**The problem:** Lines from the beginning of the data below through the one containing "2025 Mercedes-Benz GLC Coupé - Foto 13" are to be printed exactly as they appear.

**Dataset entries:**
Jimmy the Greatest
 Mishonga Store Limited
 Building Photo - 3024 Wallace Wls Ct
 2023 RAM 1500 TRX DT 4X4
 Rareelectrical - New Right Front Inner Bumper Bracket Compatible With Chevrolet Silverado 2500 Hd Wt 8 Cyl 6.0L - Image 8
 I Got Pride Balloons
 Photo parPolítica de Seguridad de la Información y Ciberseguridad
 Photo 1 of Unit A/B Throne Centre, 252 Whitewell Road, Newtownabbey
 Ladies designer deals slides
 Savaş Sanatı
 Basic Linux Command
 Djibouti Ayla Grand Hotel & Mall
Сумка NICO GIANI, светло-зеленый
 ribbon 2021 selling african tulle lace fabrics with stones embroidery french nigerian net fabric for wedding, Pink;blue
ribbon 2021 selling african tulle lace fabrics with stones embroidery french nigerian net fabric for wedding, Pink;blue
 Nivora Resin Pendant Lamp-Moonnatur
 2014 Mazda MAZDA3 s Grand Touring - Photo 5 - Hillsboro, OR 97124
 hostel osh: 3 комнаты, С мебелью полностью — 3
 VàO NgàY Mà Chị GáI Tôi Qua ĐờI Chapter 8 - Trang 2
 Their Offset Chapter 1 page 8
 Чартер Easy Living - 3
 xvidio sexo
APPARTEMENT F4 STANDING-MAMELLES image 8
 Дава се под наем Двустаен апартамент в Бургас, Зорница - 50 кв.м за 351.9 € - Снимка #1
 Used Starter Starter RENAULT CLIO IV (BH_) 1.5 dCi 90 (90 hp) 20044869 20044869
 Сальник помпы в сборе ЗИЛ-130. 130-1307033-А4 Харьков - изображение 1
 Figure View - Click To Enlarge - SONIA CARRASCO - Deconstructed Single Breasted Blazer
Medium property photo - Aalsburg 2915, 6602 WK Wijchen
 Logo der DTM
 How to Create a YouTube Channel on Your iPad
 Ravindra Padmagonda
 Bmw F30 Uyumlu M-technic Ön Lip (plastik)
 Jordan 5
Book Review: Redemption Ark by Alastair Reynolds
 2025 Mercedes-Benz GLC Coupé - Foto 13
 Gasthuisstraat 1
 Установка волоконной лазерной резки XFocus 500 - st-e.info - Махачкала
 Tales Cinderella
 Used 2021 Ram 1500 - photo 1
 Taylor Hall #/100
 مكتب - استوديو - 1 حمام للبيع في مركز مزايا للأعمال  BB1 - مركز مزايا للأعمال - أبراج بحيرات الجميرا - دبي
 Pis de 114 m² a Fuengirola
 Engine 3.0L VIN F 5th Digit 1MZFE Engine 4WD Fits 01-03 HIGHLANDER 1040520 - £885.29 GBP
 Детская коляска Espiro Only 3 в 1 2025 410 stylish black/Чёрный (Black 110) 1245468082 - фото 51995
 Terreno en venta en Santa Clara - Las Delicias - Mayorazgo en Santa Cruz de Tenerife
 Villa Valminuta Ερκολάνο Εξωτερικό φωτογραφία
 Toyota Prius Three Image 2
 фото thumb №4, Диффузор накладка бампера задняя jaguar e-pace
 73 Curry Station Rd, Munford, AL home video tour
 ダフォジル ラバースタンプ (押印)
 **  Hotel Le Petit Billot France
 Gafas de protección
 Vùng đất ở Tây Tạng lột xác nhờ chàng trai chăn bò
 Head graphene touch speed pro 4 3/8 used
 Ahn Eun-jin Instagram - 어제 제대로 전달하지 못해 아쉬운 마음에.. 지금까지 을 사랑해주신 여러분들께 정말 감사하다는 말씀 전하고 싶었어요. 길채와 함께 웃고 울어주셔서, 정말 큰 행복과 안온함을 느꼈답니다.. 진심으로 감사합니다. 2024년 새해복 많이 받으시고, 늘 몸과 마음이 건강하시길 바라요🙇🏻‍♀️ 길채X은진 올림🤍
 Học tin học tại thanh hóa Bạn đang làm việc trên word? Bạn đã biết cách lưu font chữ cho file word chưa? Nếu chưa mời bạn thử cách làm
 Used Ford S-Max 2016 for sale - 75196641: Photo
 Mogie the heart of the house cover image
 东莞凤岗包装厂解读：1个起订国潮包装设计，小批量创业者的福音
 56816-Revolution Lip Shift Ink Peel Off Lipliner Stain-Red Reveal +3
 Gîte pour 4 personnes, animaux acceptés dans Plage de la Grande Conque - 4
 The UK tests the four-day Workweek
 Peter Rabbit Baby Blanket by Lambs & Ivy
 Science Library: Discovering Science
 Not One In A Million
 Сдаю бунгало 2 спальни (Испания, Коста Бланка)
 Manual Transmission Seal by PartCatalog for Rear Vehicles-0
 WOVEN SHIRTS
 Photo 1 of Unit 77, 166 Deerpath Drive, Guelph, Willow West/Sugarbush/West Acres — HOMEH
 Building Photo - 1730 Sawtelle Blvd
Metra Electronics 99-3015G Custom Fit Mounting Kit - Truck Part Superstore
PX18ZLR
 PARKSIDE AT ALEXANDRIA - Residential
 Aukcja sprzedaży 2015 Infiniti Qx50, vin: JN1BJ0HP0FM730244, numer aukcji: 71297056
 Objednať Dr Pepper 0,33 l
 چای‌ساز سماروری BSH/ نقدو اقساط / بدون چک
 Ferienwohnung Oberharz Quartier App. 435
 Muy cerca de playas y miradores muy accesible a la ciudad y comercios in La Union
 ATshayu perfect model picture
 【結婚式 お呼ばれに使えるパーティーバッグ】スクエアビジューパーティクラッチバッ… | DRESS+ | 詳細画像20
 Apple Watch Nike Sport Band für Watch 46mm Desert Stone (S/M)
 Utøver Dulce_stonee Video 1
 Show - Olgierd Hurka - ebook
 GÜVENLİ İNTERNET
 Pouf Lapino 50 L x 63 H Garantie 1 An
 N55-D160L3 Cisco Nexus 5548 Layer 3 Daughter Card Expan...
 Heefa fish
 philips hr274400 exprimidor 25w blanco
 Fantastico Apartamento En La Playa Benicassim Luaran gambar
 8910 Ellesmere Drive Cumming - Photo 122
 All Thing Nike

**Problem solution:**
Jimmy the Greatest
 Mishonga Store Limited
 Building Photo - 3024 Wallace Wls Ct
 2023 RAM 1500 TRX DT 4X4
 Rareelectrical - New Right Front Inner Bumper Bracket Compatible With Chevrolet Silverado 2500 Hd Wt 8 Cyl 6.0L - Image 8
 I Got Pride Balloons
 Photo parPolítica de Seguridad de la Información y Ciberseguridad
 Photo 1 of Unit A/B Throne Centre, 252 Whitewell Road, Newtownabbey
 Ladies designer deals slides
 Savaş Sanatı
 Basic Linux Command
 Djibouti Ayla Grand Hotel & Mall
Сумка NICO GIANI, светло-зеленый
 ribbon 2021 selling african tulle lace fabrics with stones embroidery french nigerian net fabric for wedding, Pink;blue
ribbon 2021 selling african tulle lace fabrics with stones embroidery french nigerian net fabric for wedding, Pink;blue
 Nivora Resin Pendant Lamp-Moonnatur
 2014 Mazda MAZDA3 s Grand Touring - Photo 5 - Hillsboro, OR 97124
 hostel osh: 3 комнаты, С мебелью полностью — 3
 VàO NgàY Mà Chị GáI Tôi Qua ĐờI Chapter 8 - Trang 2
 Their Offset Chapter 1 page 8
 Чартер Easy Living - 3
 xvidio sexo
APPARTEMENT F4 STANDING-MAMELLES image 8
 Дава се под наем Двустаен апартамент в Бургас, Зорница - 50 кв.м за 351.9 € - Снимка #1
 Used Starter Starter RENAULT CLIO IV (BH_) 1.5 dCi 90 (90 hp) 20044869 20044869
 Сальник помпы в сборе ЗИЛ-130. 130-1307033-А4 Харьков - изображение 1
 Figure View - Click To Enlarge - SONIA CARRASCO - Deconstructed Single Breasted Blazer
Medium property photo - Aalsburg 2915, 6602 WK Wijchen
 Logo der DTM
 How to Create a YouTube Channel on Your iPad
 Ravindra Padmagonda
 Bmw F30 Uyumlu M-technic Ön Lip (plastik)
 Jordan 5
Book Review: Redemption Ark by Alastair Reynolds
 2025 Mercedes-Benz GLC Coupé - Foto 13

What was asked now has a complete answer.